Compiling Clojure Code with Leiningen

First of all, I would like to push a little for Programming Clojure by Stuart Halloway. It’s fantastic if you have prior experience with the Java ecosystem or a LISP, it might be a bit over your head if you don’t have either. Luckily I’m coming from PicoLisp so I’m OK, I just need to get up to speed with the Java.


The reason for Clojure for me is that PicoLisp is lacking the libraries, and since Clojure is on the JVM it doesn’t.

Currently I’m trying to figure out if I should go for more general storage solutions like Hadoop, Cassandra and Riak, or PicoLisp’s OODB but that will have to come later, first I need to learn the basics.

A theme that is running through Programming Clojure is some kind of wrapper around Ant called Lancet. As far as I could understand it will let you get away from the XML. However I quickly learned that Leiningen is a step further and seems to be the preferred build tool in the Clojure community.

So the first basic task here is to build a jar that when executed will simply print Hello Fred if you pass Fred to it, just like in the Clojure compile example, but using Leiningen instead of Clojure’s compile.

To be able to work properly with Leiningen I’ve put the lein shell script in /opt/clojure which is also where my test project is in the form of /opt/clojure/testapp. Installing Leiningen is dead easy, no need for explanations there but we need to put the script on our path by first doing nano ~/.bashrc and putting this in it:

PATH=$PATH:/opt/clojure
export PATH

Don’t forget to restart your shell after that. Now you should be able to simply call lein no matter where you are.

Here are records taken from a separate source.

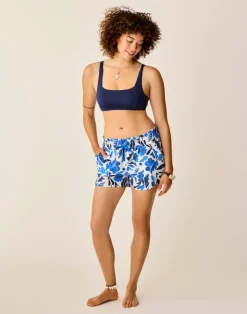 Carve Designs Boardshorts^Bali Short: Cloud Mezcal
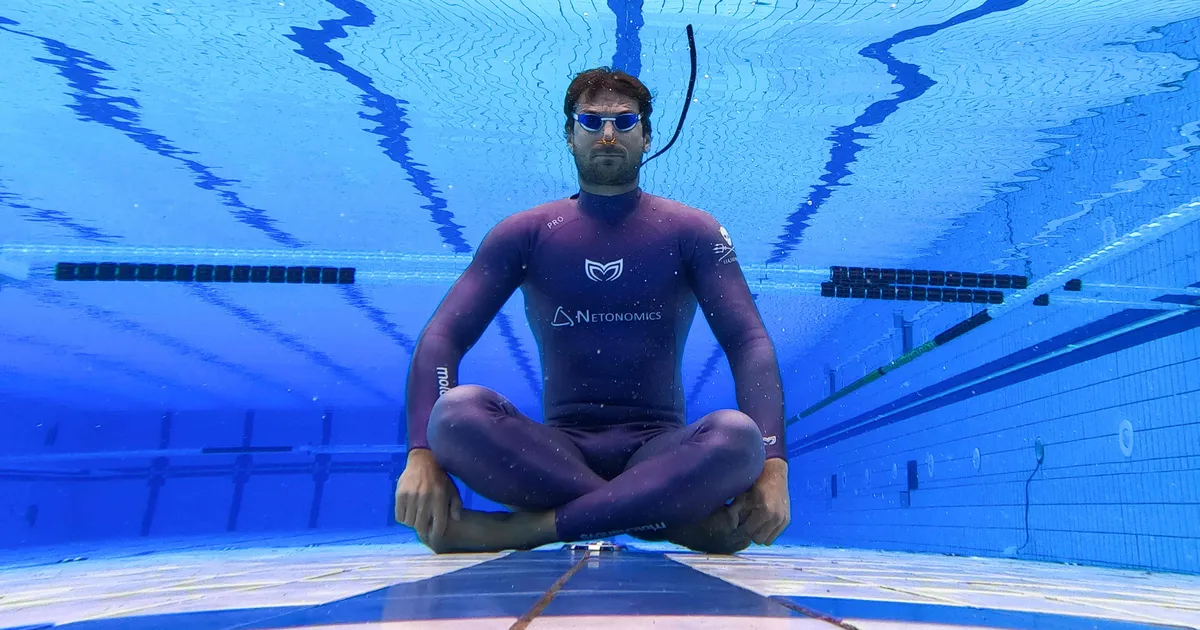 Vabasukelduja püstitas hämmastava maailmarekordi – kuidas tal see õnnestus?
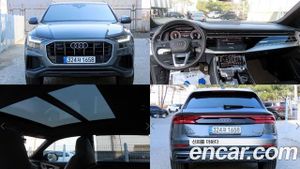 Audi Q8 50 TDI Quattro Premium 2021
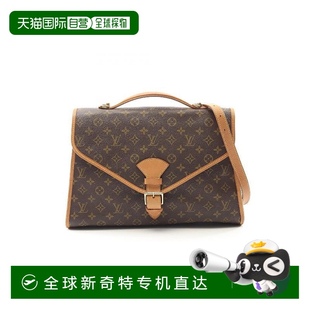 日本直郵中古LV路易威登女包B級9新Handbag手包涂層 1h可退 防水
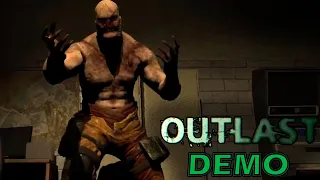 ДЕМО ПЕРВОГО АУТЛАСТА (outlast demo)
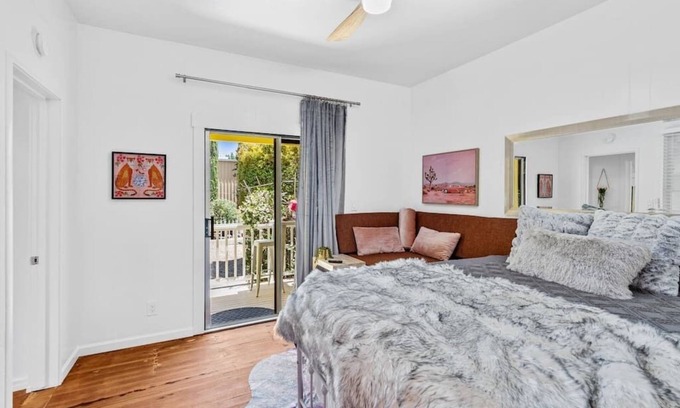 Calistoga Apartment | Charming 1BR Apartment in Calistoga - Howell Mountain Retreat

So every project needs a project.clj, I suppose this is Leiningen’s version of build.xml. Mine looks like this:

(defproject testapp "0.1"
  :source-path "src/clj"
  :java-fork "true"
  :javac-debug "true"
  :dependencies [[org.clojure/clojure "1.1.0"]
                 [org.clojure/clojure-contrib "1.1.0"]]
  :namespaces [theapp.hello])

In the testapp folder we have the project.clj and then a src/clj/theapp/hello.clj file which looks like this:

(ns theapp.hello
    (:gen-class))
 
(defn -main
  [greetee]
  (println (str "Hello " greetee "!")))

Running lein jar in the testapp folder will pull down the dependencies clojure core and clojure contrib which seems to be two things you basically need in every Clojure project, they end up in the lib folder which will be created if it wasn’t there already. The build result is testapp.jar.

Now we can run our application like this:

java -cp classes:lib/clojure-1.1.0.jar:lib/clojure-contrib-1.1.0.jar:testapp.jar theapp.hello Fred

Note that we need to put both core and contrib on the class path, simply doing java testapp.jar Fred won’t work.

All in all, Leiningen is a great thing that seems to be making Clojure development go on rails.